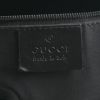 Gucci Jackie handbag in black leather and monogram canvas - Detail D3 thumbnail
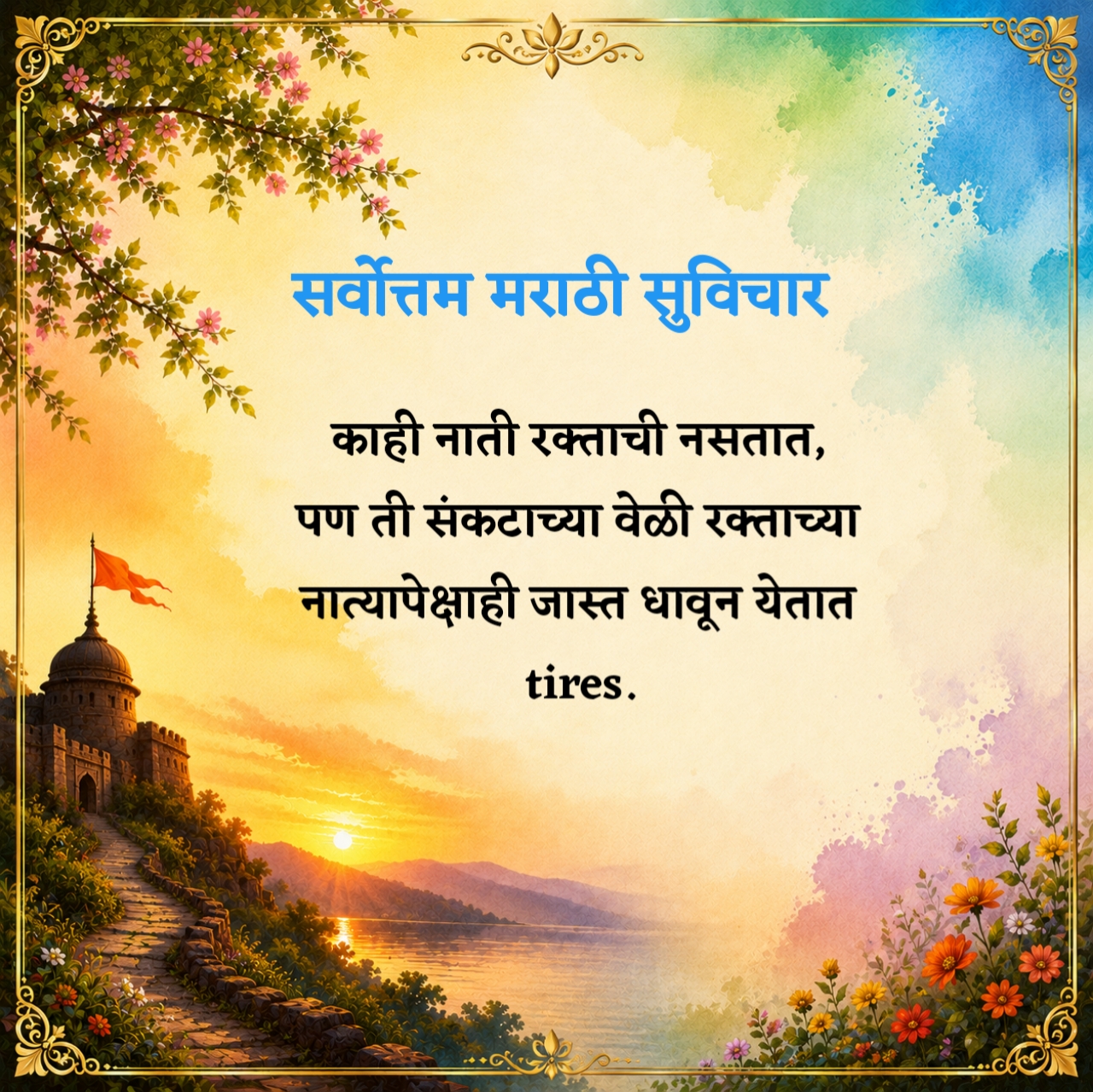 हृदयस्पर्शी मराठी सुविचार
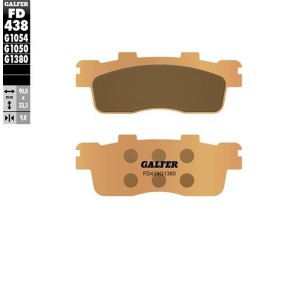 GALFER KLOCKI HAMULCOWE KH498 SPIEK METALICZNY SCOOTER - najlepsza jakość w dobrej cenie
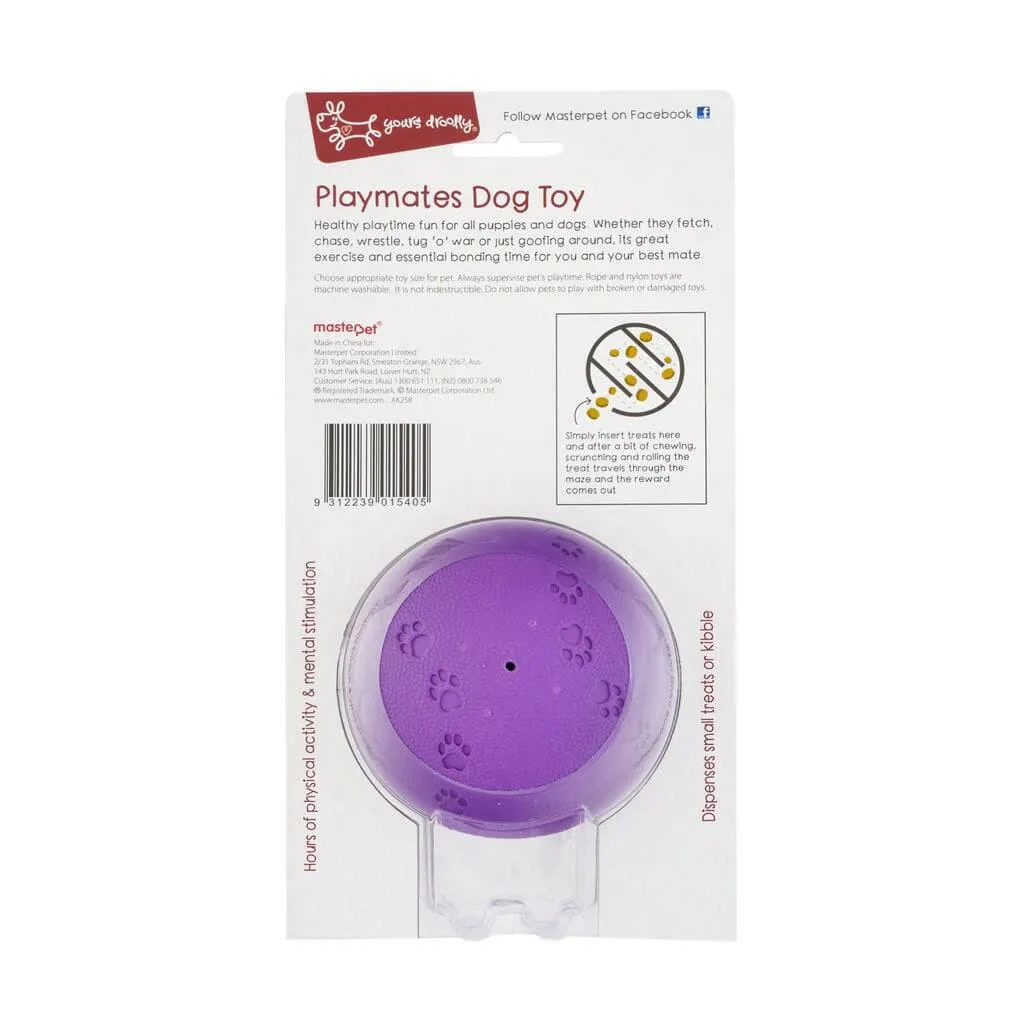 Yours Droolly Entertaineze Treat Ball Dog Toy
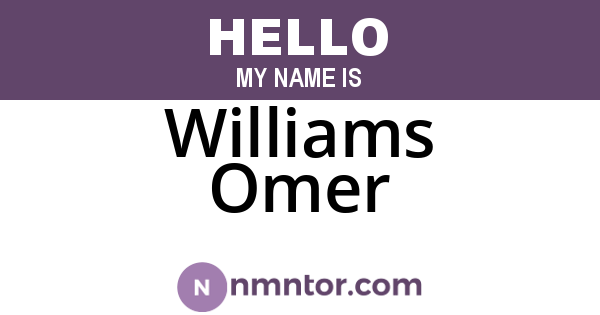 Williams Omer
═══
The records above must be repeated in full and exactly, but without any of the pictures.

> _Answer to this problem_:
 Gucci Jackie handbag in black leather and monogram canvas - Detail D3 thumbnail
 हृदयस्पर्शी मराठी सुविचार
 GALFER KLOCKI HAMULCOWE KH498 SPIEK METALICZNY SCOOTER - najlepsza jakość w dobrej cenie
 Yours Droolly Entertaineze Treat Ball Dog Toy
 Williams Omer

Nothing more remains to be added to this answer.